- **ACTIVITY**: Restate the entries word for word, leaving nothing out.

- **RECORDS TO USE**:
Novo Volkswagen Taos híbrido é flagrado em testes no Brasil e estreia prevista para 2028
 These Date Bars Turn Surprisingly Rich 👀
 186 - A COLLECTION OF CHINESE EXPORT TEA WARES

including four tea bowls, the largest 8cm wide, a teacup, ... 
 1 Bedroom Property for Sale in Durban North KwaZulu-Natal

- **YOUR RESPONSE**:
Novo Volkswagen Taos híbrido é flagrado em testes no Brasil e estreia prevista para 2028
 These Date Bars Turn Surprisingly Rich 👀
 186 - A COLLECTION OF CHINESE EXPORT TEA WARES

including four tea bowls, the largest 8cm wide, a teacup, ... 
 1 Bedroom Property for Sale in Durban North KwaZulu-Natal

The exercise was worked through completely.